Das rote Band
prompt.
„Aber Blauweizen macht deine Bauern nicht satt!“, rief Eloïse. „Was ist, wenn der Anbau misslingt? Willst du deine Leute mit einem Fünftel Hafer über den Winter bringen?“
Victorian machte eine lässige Handbewegung. „Im Fall einer Missernte kaufe ich eben ausreichend Weizen und Hafer für sie auf dem Markt, so einfach ist das!“
„Und wenn du dafür kein Geld hast?“
Er öffnete den Mund, doch Eloïse war schneller. „Du bist der Grundherr, Victorian! Du musst in Notzeiten deine Bauern versorgen können, sonst laufen sie dir weg. Und Land ohne Menschen, die es bearbeiten, ist wertlos! Und am Ende stehst du selbst auf dem Acker.“ Ihre Augen schwammen in Tränen, und sie wandte sich ab, damit er es nicht bemerkte.
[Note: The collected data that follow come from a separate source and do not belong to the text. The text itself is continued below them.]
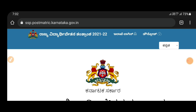You will also apply to the scholarship for the first year UGPG. We will also apply for the last year UGPG. This is the registration number of the board.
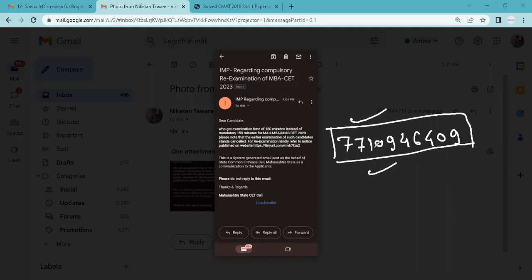Then we can guide you through the CET and the CAP rounds and counseling. Okay, please check your email now. Thanks a lot. All the best.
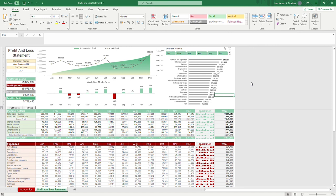That concludes this walkthrough of the profit and loss template. I hope you guys enjoy this template and I wish you greatly benefit from it.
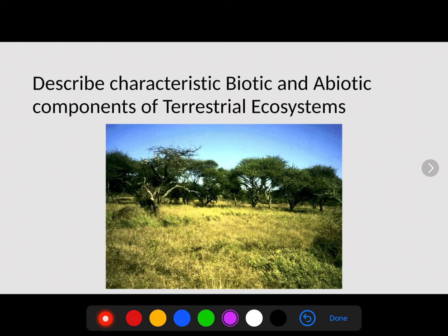We are now moving forward in our Topic 8 Ecology chapter. In this part two video of ecology, we're going to be talking about characteristic biotic and abiotic components of a terrestrial ecosystem. The key term we're looking at here is terrestrial, which simply means that it is on land.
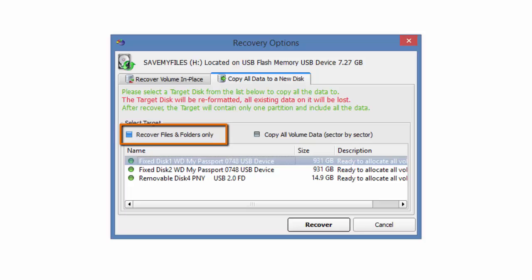The advantage of this method is that the copied files are guaranteed to be readable on the new target disk. The disadvantage is that system areas, metadata, and deleted data are not copied. So future data recovery of a damaged file system is not possible from the new target.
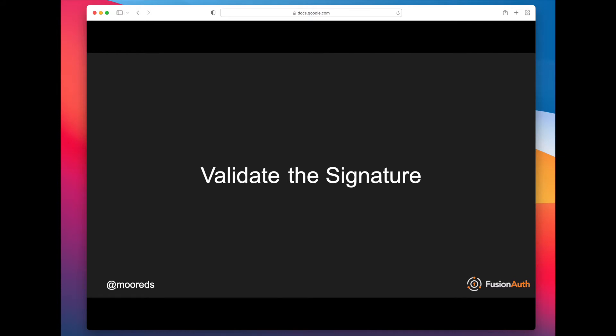So what steps should a system take to validate a JSON Web Token, also known as a JWT?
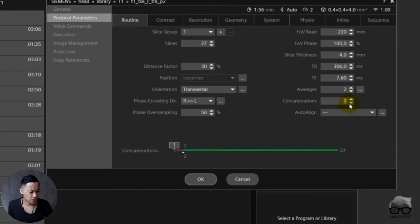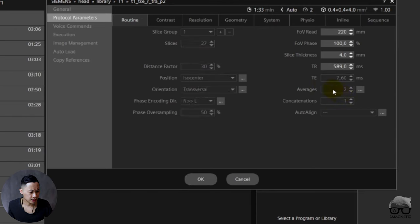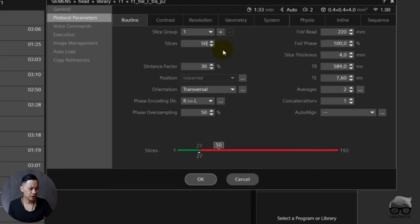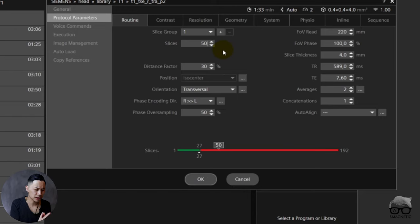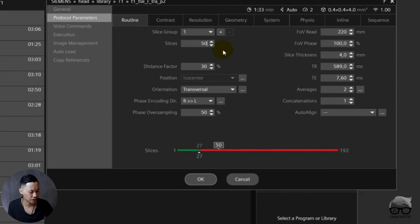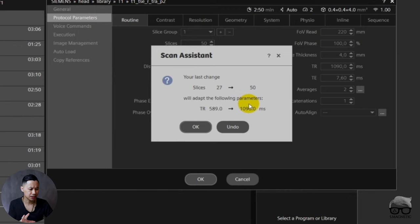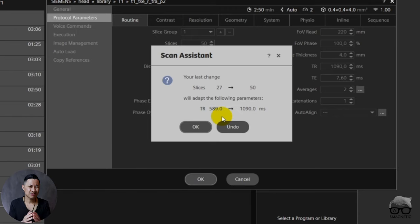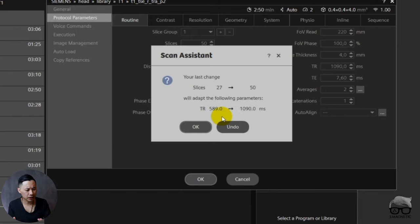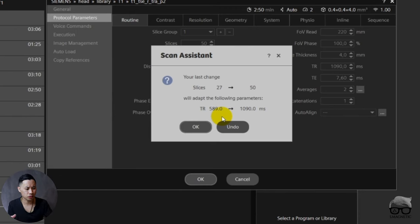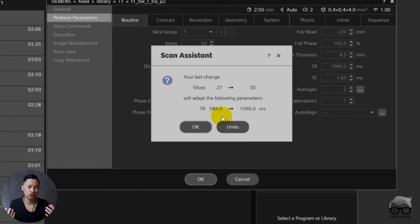So let's take this T1 and let's say we go to one concat. And let's say you have now 589. With 589 you're maxing it out. You cannot have more slices. 27 slices is the maximum. We want to increase this to 50. We want to have a big coverage. So what happens now? For me, for being able to have 50 slices, it says to me now, hey, you have to increase the TR from almost 600 to 1000. I find this a little bit too high. I want to lower it a little bit. Imagine if this was a 1.5T, way too high. So we need to lower the TR but we don't want to lose the slices.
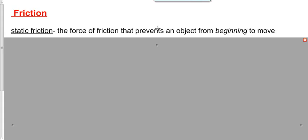If I push on this desk with a force of 10 newtons and it doesn't move, we still have static friction. What's the value of static friction? 10 newtons. Static friction is whatever it has to be to oppose my force. If I push with 10 newtons and it doesn't move, then static friction must be 10 newtons to balance the force I'm pushing with. That doesn't mean I can't beat static friction — sometimes I can.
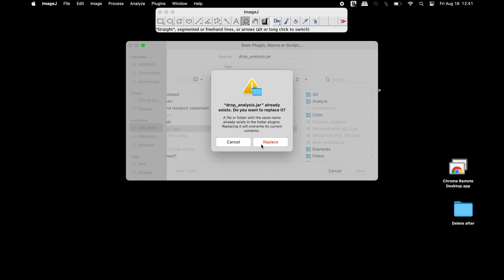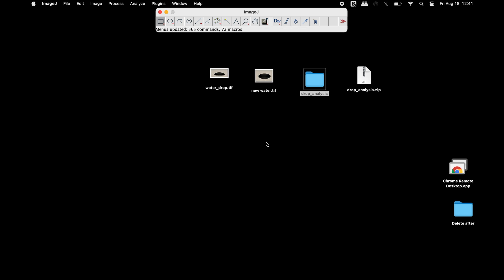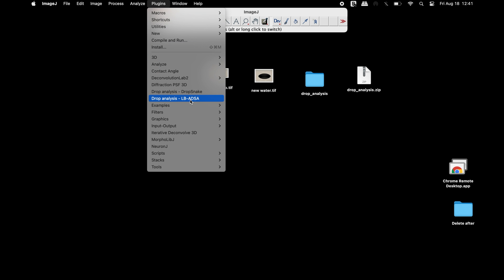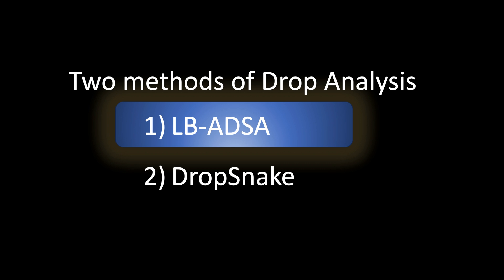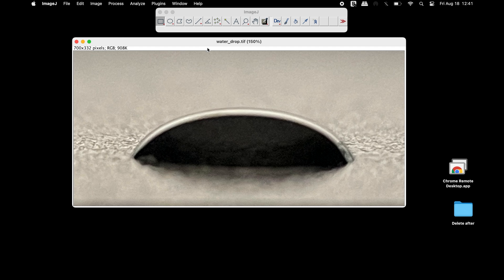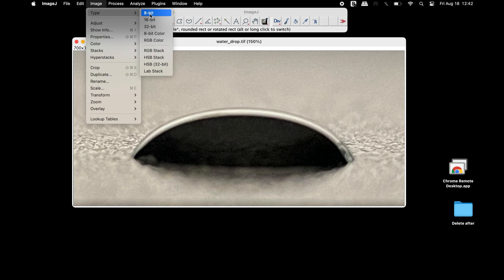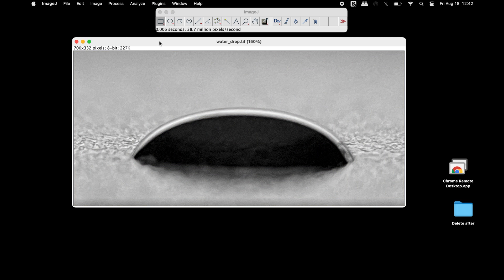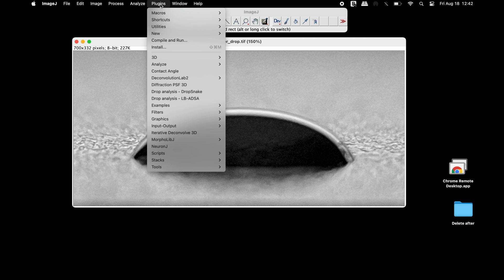To verify the plugin is installed correctly, click on Plugins and locate the Drop Analysis plugin. To measure the contact angle, open the image of interest using ImageJ. The first step is to convert the image type into an 8-bit image. Then head to Plugins and click Drop Analysis LBADSA.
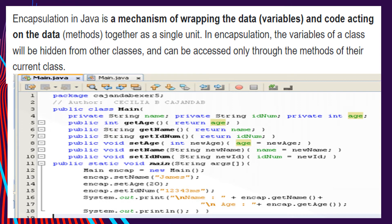Encapsulation acts as a protective barrier that prevents the code and data from being randomly accessed by other code defined outside the class. It has the ability to modify our implemented code without breaking the code of others who use our code. It can make the code maintainable, easy to troubleshoot, and flexible. We can reuse it with other classes without affecting other classes, variables, data, or methods. And it is also extensible — we can expand it however we like, adding whatever methods we want to our classes.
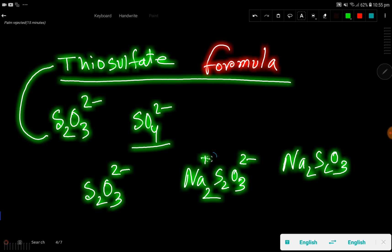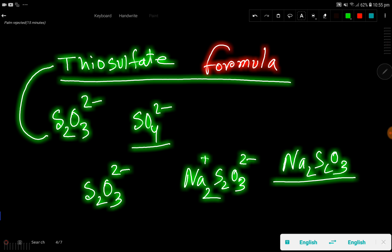One plus will cancel one negative charge, so we need two positive charges to balance the two negative charges — giving us sodium thiosulfate. Thank you for viewing this video, be well.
Es dauerte einen Moment, bevor Victorian antwortete. „Möglicherweise könnte man meinen Vorschlag noch etwas korrigieren“, erwiderte er großzügig.
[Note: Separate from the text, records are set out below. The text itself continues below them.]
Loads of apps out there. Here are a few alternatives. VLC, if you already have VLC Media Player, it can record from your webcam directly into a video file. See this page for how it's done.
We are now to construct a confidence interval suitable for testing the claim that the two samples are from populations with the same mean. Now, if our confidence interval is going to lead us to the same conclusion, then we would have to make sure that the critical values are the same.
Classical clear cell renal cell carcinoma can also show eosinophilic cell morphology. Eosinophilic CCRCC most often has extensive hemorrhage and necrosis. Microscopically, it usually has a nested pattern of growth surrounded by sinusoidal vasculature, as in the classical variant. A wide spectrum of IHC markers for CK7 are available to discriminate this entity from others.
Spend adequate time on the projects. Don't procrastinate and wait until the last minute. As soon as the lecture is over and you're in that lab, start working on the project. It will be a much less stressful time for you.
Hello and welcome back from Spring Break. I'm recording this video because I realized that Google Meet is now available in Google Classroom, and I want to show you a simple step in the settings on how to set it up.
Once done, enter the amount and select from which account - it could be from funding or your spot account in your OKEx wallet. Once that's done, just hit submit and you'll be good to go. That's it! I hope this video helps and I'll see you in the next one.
Eloïse nickte und nahm sich ein Stück Papier, das Lord Tennison ihnen zum Niederschreiben ihrer Ergebnisse auf den Tisch gelegt hatte. Mit wenigen Strichen zeichnete sie die Burg und die Felder nach, die der Agrarkundelehrer skizziert hatte. Allerdings wies ihre Festung zusätzlich Erker, eine Wetterfahne und Kletterrosen auf.
„Du zeichnest gut.“ Victorian schien ehrlich beeindruckt.
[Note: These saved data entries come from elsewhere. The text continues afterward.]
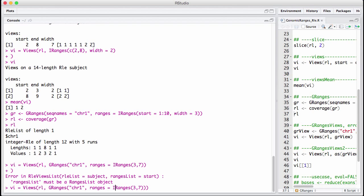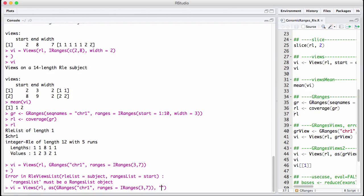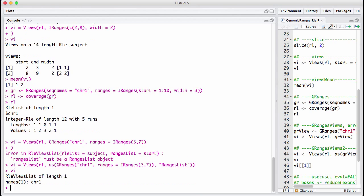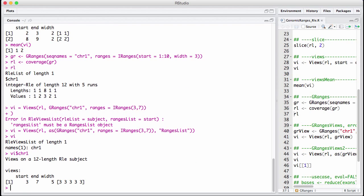So the way you really solve this is you coerce it. So you take this G range and you just say, okay, let this be a ranger's list. And now we have this RLE views list. And let's take what we see in chromosome 1. And now we have a views, exactly as we wanted from position 3 to 7.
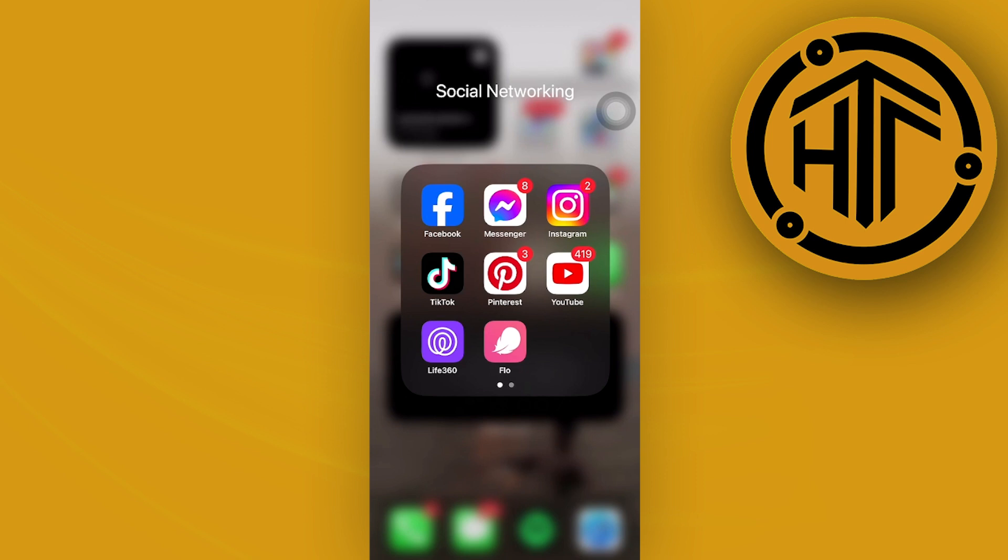In the case that you cannot see this feature on your Instagram application, you need to double-check if you are using the latest version of Instagram on your device. If so and you still don't have that feature, you need to be aware that this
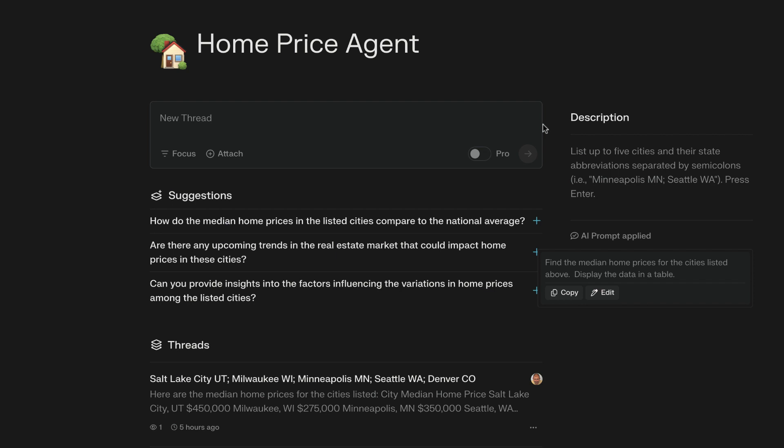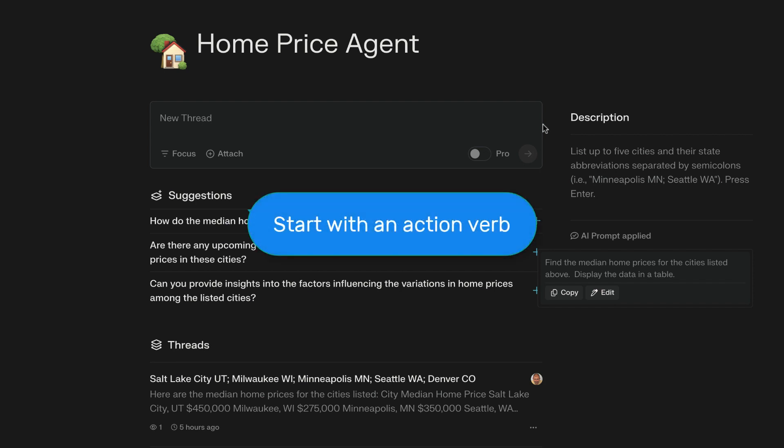Here are just a few tips for writing AI prompts. Start with an action verb. The very first sentence of the AI prompt should start with words like find, retrieve, create, display, or organize. Use action verbs to start the very first sentence.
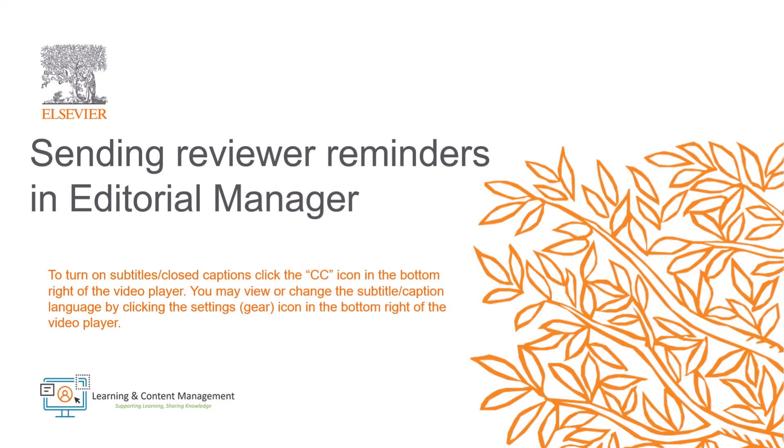In this video, I will explain how editors, with appropriate permissions, can send reminders to reviewers in Editorial Manager.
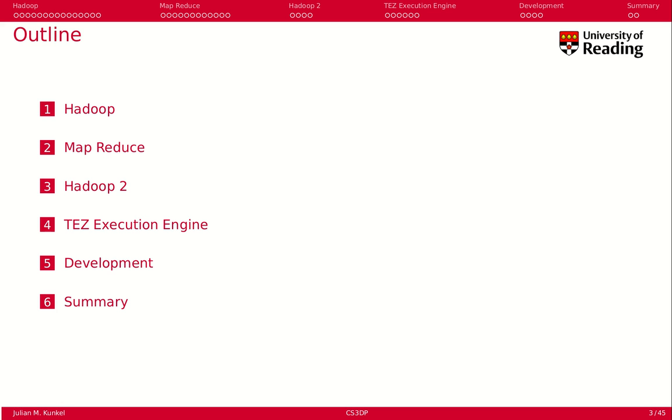Hadoop 2 mitigates a couple of problems in terms of performance particularly and in terms of the architecture that we'll see in the Hadoop topic. One aspect of it is particularly the TEZ execution engine, which speeds up the processing of data.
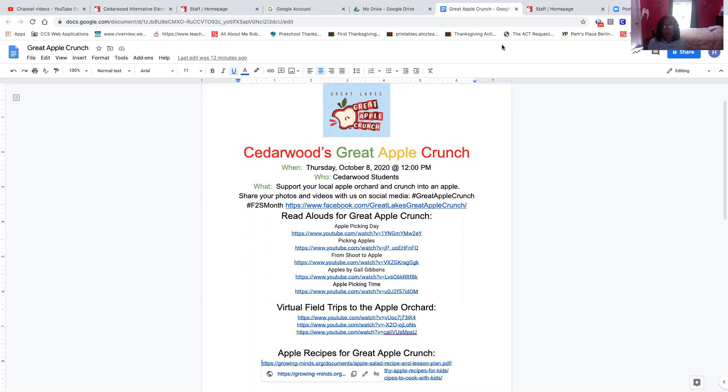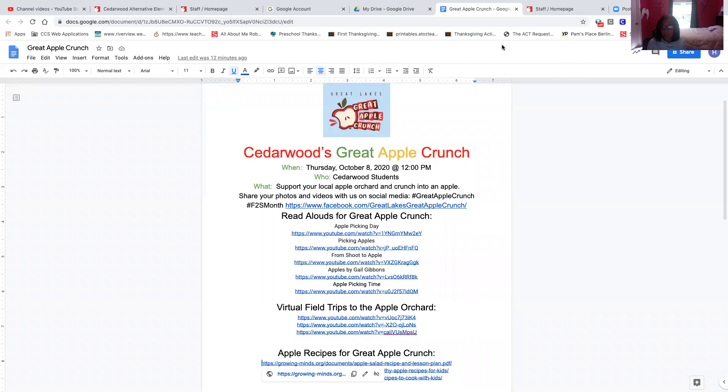across the state of Ohio tomorrow. Today is Wednesday, October 7th, and tomorrow is October 8th. And on October 8th, across the state of Ohio, we are going to show our support to the local orchards, and we are going to crunch into apples together. And so many of our teachers at Cedarwood are going to be doing activities with their students about apple picking and orchards.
Verlegen schaute sie ihn an. Malen und Zeichnen hatte ihr schon immer große Freude bereitet, und es war der einzige Bereich, in dem sie von ihren Gouvernanten jemals Lob erhalten hatte. „Menschen zu zeichnen, liegt mir mehr“, erwiderte sie bescheiden.
Interessiert blickte er sie an, und statt einer Erwiderung drehte Eloïse das Papier um, und ihr Federkiel sauste über das Blatt. Kurz darauf zeigte sie Victorian das Ergebnis – es war sein Porträt.
Er runzelte die Stirn. „Schaue ich wirklich so ernst?“
„Allerdings“, antwortete Eloïse. „Ich habe dich noch nie lachen sehen.“
„Oh.“ Seine Mundwinkel hoben sich leicht. „Besser?“
Eloïse nahm erneut das Blatt und begann, ein zweites Bild von ihm neben das erste zu zeichnen. Als es fertig war, hielt sie das Papier hoch. „Das muss für die Ewigkeit festgehalten werden – als Beweis“, erklärte sie. „Nagel es an deine Schlafzimmertür, damit du ab jetzt daran denkst, ein freundliches Gesicht zu machen, wenn du den Raum verlässt.“
Sie lächelte ihn an, doch Victorian riss ihr das Blatt aus der Hand, stand auf und ging wortlos aus dem Unterrichtssaal.
„Victorian!“, rief Eloïse und sah ihm entsetzt nach. „Das … das war doch nur ein Spaß!“
„Er versteht keinen Spaß. Das ist sein größtes Problem.“ Raine war zu ihr getreten und stützte sich mit den Händen auf ihren Tisch.
Lord Tennison sah sie mit strenger Miene an, bevor er die Stunde beendete und die jungen Männer in die Mittagspause entließ.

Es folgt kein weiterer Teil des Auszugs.